START DATA BELOW

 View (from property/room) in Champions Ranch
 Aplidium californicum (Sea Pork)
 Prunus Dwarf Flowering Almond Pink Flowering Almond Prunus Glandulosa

END DATA BELOW

**ASSIGNED TASK**
Nothing in the data may change. Give it again in full.

**SOLVED PROBLEM**
 View (from property/room) in Champions Ranch
 Aplidium californicum (Sea Pork)
 Prunus Dwarf Flowering Almond Pink Flowering Almond Prunus Glandulosa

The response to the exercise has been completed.